* _PROVIDED INFORMATION_
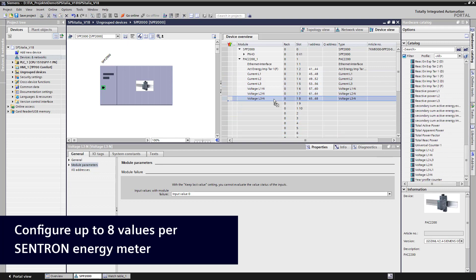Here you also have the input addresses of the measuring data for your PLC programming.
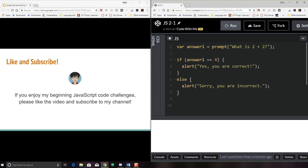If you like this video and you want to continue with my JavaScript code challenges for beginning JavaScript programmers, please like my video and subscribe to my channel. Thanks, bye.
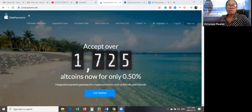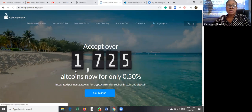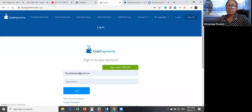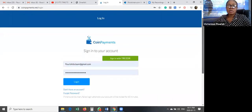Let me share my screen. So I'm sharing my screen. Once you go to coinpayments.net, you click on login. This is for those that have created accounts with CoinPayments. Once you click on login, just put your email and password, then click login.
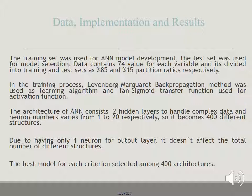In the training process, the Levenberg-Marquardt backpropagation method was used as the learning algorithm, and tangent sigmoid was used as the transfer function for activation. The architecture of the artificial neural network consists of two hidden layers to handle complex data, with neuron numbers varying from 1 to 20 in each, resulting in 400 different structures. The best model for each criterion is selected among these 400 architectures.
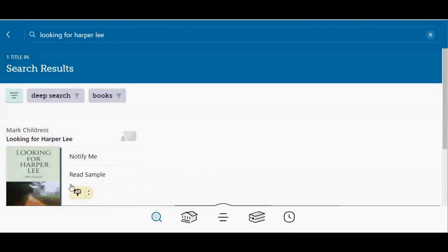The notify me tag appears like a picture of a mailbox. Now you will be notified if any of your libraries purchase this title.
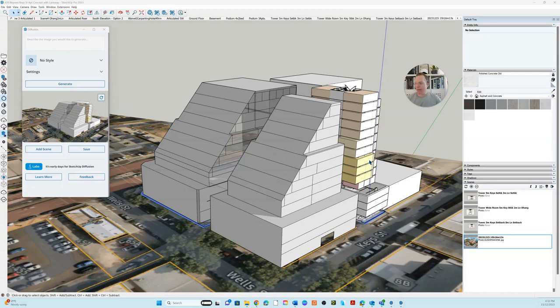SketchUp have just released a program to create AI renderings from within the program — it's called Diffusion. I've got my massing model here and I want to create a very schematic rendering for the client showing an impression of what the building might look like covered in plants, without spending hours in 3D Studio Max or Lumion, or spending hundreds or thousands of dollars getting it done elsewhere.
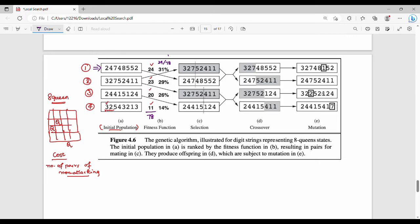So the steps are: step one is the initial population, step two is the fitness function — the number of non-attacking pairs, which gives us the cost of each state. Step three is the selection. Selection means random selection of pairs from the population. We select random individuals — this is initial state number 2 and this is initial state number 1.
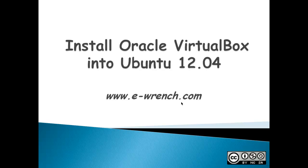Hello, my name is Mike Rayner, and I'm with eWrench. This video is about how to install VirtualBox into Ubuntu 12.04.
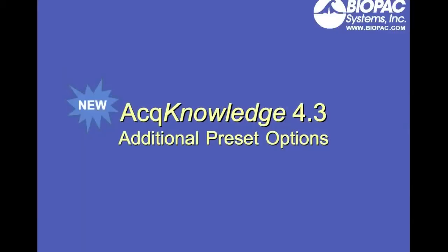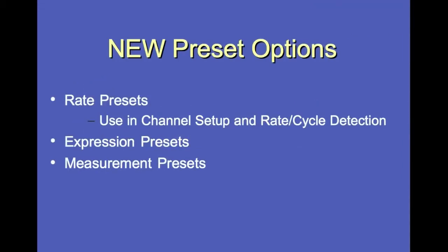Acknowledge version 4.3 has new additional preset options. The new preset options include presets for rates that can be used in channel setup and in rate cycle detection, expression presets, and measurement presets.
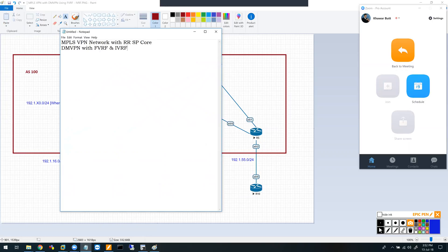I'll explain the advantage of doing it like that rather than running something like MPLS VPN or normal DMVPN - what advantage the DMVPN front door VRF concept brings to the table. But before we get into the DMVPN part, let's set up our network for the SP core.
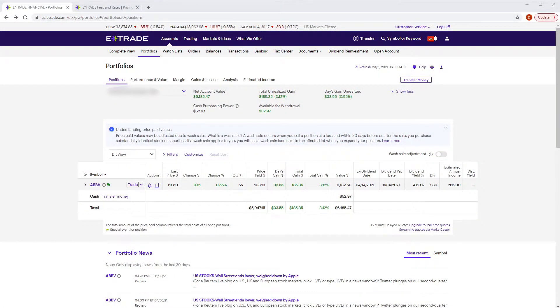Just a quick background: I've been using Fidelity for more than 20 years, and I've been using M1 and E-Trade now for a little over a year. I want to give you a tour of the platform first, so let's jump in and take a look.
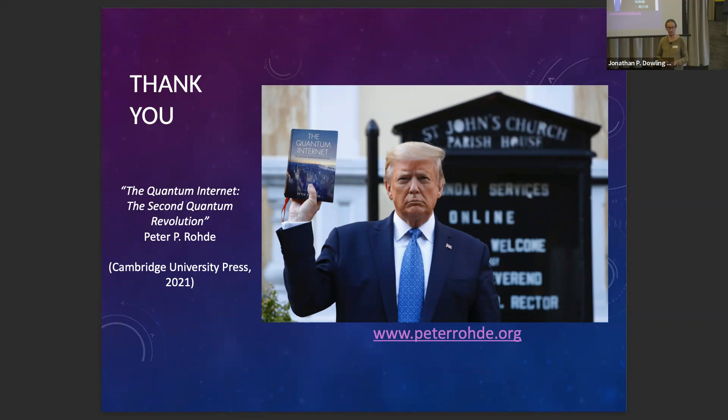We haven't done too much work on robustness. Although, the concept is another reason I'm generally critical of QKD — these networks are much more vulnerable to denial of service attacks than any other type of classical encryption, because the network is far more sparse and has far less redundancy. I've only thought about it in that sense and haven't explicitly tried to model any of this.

* _WORK TASK_
Only the lines from the start of the material to the line with "If you like", inclusive, belong in the answer, printed exactly and free of pictures.

* _EXERCISE ANSWER_
Here you also have the input addresses of the measuring data for your PLC programming.
If you like this video and you want to continue with my JavaScript code challenges for beginning JavaScript programmers, please like my video and subscribe to my channel. Thanks, bye.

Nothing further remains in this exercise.